Among the entries below, find the line with "Tabi Shoes Mary" and the line with "18.9 Inch Outdoor". Return exactly those lines and every line between them, but no pictures.

======== Material to process

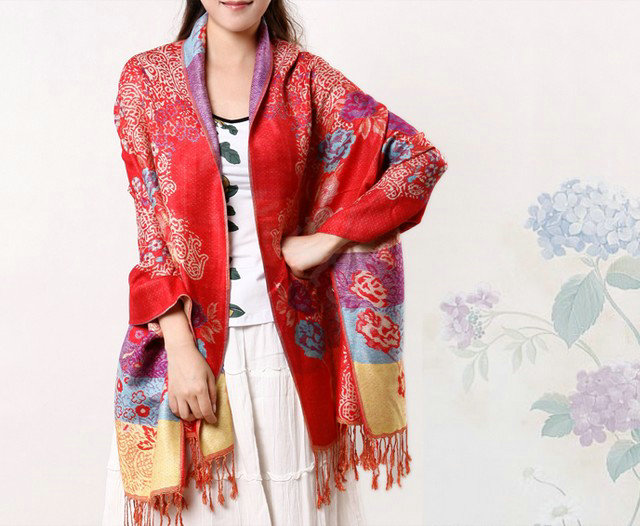 Hot sell Autumn and Winter Cape Tassels Flower Print Shawl National Style Warm Long Scarf - Red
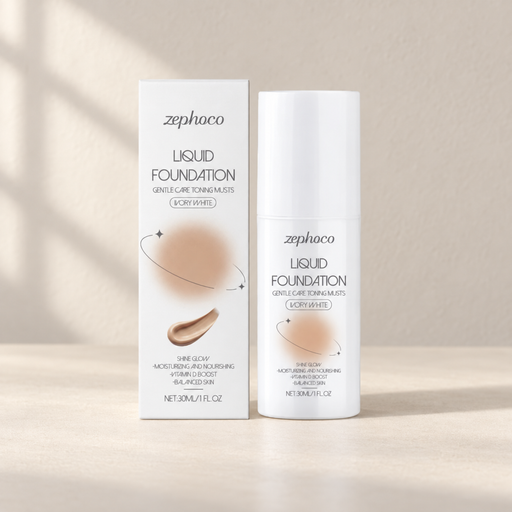 White liquid foundation bottle and box in ivory white shade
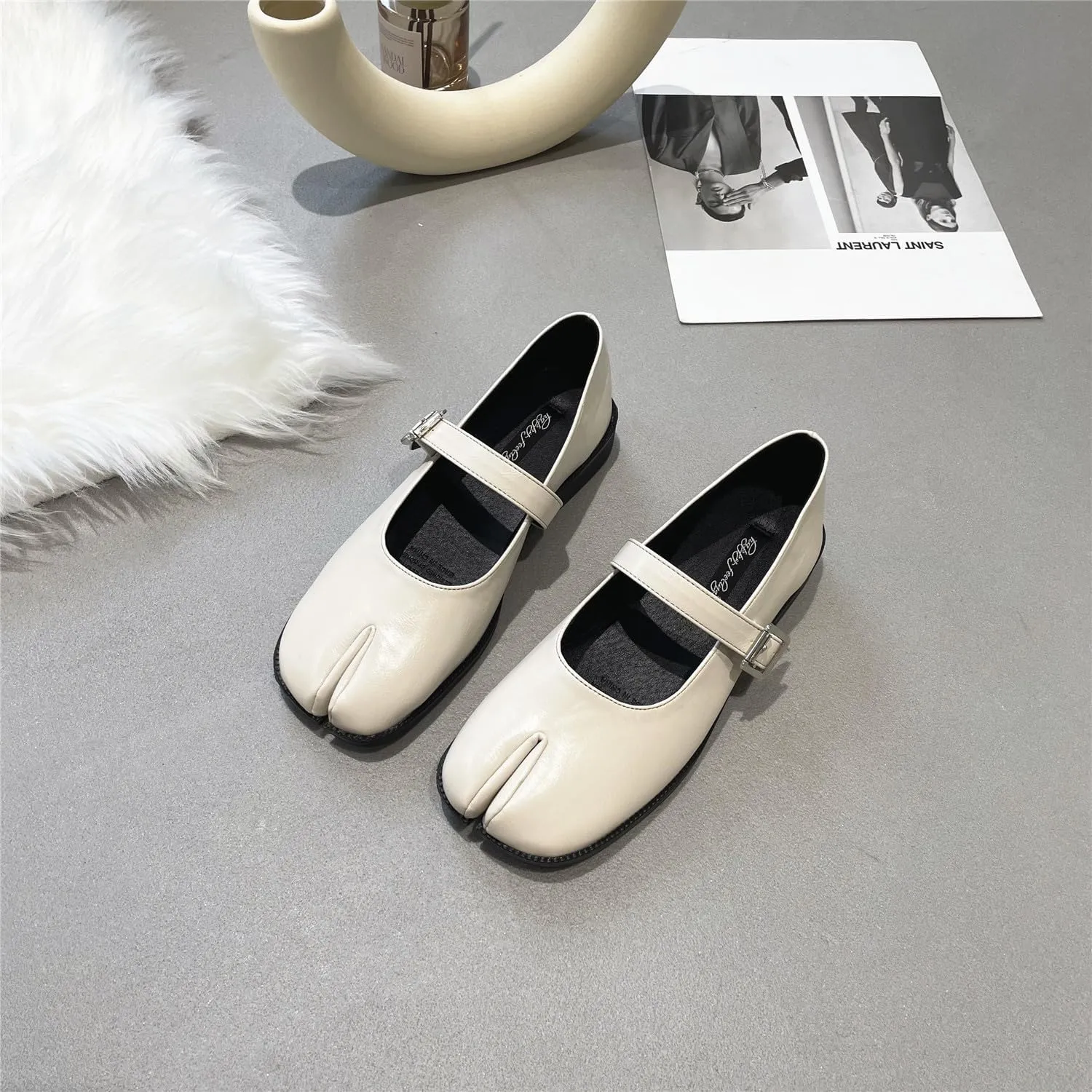Tabi Shoes Mary Janes Ballet Flat Buckle Split Toe Women Girls - Kawaii Retro Lightweight Running Tennis & Racquet Sport Comfortable Walking Daily Wear Business Office Standing All Day Trendy Casual
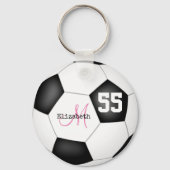 girly black and white soccer ball personalized sleutelhanger (Achterkant)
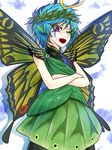  blue_hair butterfly_wings commentary_request cowboy_shot crossed_arms eternity_larva facial_tattoo fangs horns leaf_wreath looking_at_viewer one_eye_closed open_mouth purple_eyes ryuuichi_(f_dragon) shadow shirt short_hair skirt sleeveless sleeveless_shirt smile solo tattoo touhou wings yellow_wings 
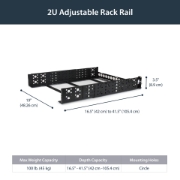 Picture of StarTech.com 2U Fixed 19" Adjustable Depth Universal Server Rack Rails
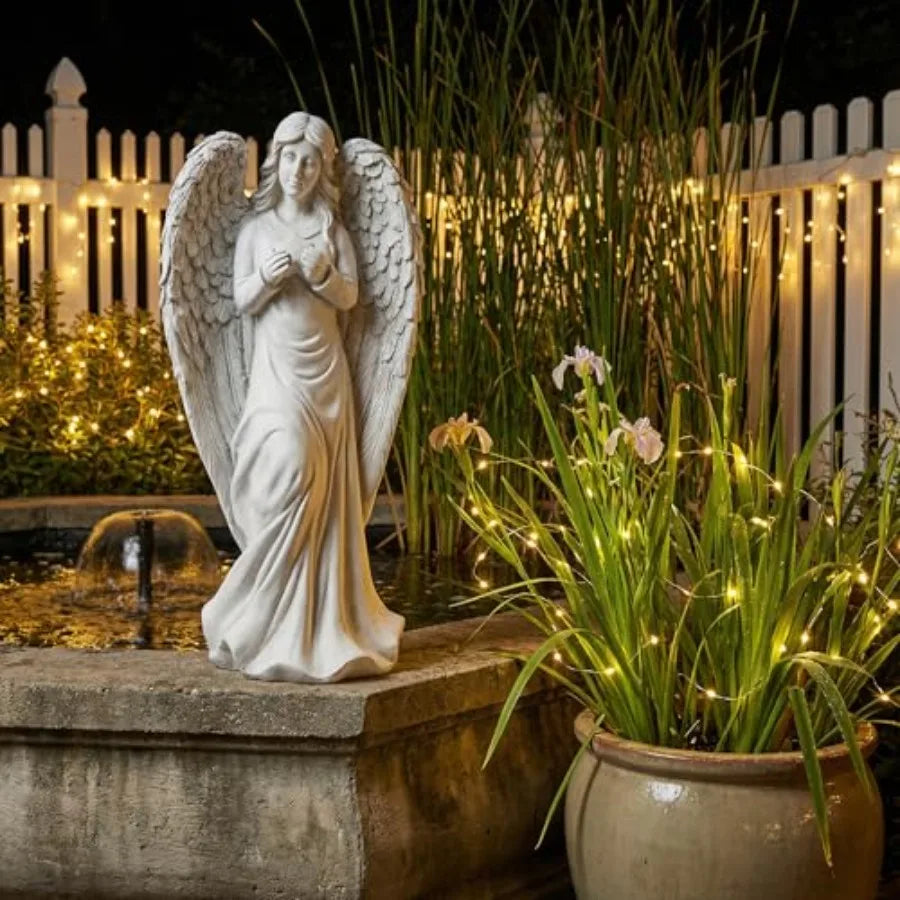 18.9 Inch Outdoor Standing Angel Statue - Stone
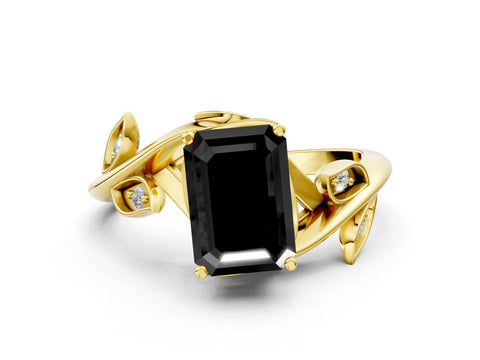 Yellow gold Fancy Black Emerald Cut Solitaire Twist Engagement Ring with Leaf Accents and Prong Setting_12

================

* Solution to this exercise:
Tabi Shoes Mary Janes Ballet Flat Buckle Split Toe Women Girls - Kawaii Retro Lightweight Running Tennis & Racquet Sport Comfortable Walking Daily Wear Business Office Standing All Day Trendy Casual
 girly black and white soccer ball personalized sleutelhanger (Achterkant)
  blue_hair butterfly_wings commentary_request cowboy_shot crossed_arms eternity_larva facial_tattoo fangs horns leaf_wreath looking_at_viewer one_eye_closed open_mouth purple_eyes ryuuichi_(f_dragon) shadow shirt short_hair skirt sleeveless sleeveless_shirt smile solo tattoo touhou wings yellow_wings 
 Picture of StarTech.com 2U Fixed 19" Adjustable Depth Universal Server Rack Rails
 18.9 Inch Outdoor Standing Angel Statue - Stone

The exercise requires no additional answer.